-- Activity --
Repeat only the stretch of lines below that runs from the line with "BS1913-0216_Pink_Rectangular_Titanium_Glasses_front" through the line with "Kaffeinated Kawaii Pearl Straw Bottle", unaltered.

↓↓↓

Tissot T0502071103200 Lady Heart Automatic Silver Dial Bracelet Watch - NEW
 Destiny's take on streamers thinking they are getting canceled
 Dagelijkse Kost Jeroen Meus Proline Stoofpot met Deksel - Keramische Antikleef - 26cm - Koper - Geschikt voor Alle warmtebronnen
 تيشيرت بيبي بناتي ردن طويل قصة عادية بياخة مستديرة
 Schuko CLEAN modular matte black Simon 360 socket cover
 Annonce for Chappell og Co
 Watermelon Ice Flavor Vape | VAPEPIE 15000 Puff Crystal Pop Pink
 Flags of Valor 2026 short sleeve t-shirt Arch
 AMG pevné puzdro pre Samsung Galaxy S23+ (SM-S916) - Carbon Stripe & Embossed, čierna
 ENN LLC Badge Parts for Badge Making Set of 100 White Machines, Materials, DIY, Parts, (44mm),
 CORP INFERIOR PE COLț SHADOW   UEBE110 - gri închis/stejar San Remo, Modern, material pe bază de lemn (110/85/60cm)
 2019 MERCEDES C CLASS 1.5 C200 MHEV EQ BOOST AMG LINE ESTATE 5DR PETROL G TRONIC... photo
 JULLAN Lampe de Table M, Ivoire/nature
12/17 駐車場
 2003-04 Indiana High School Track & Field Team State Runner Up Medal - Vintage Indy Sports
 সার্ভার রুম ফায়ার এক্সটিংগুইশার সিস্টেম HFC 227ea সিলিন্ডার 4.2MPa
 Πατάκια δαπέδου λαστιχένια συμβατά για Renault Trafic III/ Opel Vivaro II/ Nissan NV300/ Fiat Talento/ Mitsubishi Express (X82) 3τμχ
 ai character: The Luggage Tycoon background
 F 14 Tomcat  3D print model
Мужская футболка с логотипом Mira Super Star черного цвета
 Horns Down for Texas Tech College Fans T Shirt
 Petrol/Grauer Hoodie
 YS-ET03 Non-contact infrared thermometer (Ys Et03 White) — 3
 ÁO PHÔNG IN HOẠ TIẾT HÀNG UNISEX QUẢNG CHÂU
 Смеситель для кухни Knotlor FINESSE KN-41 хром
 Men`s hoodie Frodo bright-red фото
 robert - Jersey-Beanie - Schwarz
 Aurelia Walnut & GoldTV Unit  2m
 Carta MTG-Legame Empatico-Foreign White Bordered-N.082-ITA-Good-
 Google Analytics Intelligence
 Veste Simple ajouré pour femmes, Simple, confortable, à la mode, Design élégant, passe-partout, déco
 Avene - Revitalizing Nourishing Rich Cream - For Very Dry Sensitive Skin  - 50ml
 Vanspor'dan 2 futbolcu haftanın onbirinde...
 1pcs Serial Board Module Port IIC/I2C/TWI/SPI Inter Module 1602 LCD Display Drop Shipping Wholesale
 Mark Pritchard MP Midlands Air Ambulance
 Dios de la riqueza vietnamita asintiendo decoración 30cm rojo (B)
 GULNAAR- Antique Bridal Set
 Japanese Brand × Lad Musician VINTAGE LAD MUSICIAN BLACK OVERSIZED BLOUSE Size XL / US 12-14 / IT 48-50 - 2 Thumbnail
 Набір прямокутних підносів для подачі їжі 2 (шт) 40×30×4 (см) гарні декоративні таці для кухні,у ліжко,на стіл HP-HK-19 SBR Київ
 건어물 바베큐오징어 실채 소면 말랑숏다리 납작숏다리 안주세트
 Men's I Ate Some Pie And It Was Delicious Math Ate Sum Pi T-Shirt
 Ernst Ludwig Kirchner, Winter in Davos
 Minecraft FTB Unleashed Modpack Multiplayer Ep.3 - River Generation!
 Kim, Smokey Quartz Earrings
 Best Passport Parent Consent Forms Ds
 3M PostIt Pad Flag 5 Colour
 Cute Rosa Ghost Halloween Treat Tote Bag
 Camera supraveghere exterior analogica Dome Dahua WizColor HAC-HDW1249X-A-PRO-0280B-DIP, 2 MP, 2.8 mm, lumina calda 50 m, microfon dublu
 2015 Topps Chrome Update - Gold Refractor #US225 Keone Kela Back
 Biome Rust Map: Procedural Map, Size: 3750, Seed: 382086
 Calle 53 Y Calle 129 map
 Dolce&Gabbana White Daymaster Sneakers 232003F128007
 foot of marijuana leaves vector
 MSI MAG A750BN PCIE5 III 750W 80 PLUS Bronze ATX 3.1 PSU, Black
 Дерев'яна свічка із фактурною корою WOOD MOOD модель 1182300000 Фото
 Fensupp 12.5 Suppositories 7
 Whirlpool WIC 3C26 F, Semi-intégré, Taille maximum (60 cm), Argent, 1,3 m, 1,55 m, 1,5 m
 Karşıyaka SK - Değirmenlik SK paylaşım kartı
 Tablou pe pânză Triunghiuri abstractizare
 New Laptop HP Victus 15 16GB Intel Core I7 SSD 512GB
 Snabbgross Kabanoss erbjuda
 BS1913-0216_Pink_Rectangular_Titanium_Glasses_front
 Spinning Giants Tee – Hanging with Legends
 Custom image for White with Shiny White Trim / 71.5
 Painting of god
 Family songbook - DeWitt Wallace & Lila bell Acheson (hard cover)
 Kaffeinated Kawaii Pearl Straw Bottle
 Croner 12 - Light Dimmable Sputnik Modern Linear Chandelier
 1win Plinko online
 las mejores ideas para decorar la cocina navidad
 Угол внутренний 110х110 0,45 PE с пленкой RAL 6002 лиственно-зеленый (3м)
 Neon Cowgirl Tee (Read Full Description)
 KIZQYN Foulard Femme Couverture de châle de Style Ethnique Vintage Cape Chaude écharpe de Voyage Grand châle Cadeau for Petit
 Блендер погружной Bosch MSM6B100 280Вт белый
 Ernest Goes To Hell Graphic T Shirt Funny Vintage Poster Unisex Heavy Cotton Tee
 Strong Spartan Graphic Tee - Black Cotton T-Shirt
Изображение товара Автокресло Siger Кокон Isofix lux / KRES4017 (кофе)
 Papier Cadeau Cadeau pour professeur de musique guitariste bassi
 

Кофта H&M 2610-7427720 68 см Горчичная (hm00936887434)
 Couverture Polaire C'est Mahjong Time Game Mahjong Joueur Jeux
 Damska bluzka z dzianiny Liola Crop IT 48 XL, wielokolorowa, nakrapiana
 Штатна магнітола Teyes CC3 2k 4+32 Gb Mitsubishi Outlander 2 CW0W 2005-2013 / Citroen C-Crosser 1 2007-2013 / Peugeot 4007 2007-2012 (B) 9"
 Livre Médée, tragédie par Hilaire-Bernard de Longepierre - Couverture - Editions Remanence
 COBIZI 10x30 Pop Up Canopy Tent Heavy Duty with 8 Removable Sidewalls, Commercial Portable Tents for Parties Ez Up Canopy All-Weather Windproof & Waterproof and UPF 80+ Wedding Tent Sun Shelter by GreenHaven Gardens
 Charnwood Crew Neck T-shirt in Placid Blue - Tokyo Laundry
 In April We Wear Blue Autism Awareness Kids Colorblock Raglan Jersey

↑↑↑

-- Response below --
 BS1913-0216_Pink_Rectangular_Titanium_Glasses_front
 Spinning Giants Tee – Hanging with Legends
 Custom image for White with Shiny White Trim / 71.5
 Painting of god
 Family songbook - DeWitt Wallace & Lila bell Acheson (hard cover)
 Kaffeinated Kawaii Pearl Straw Bottle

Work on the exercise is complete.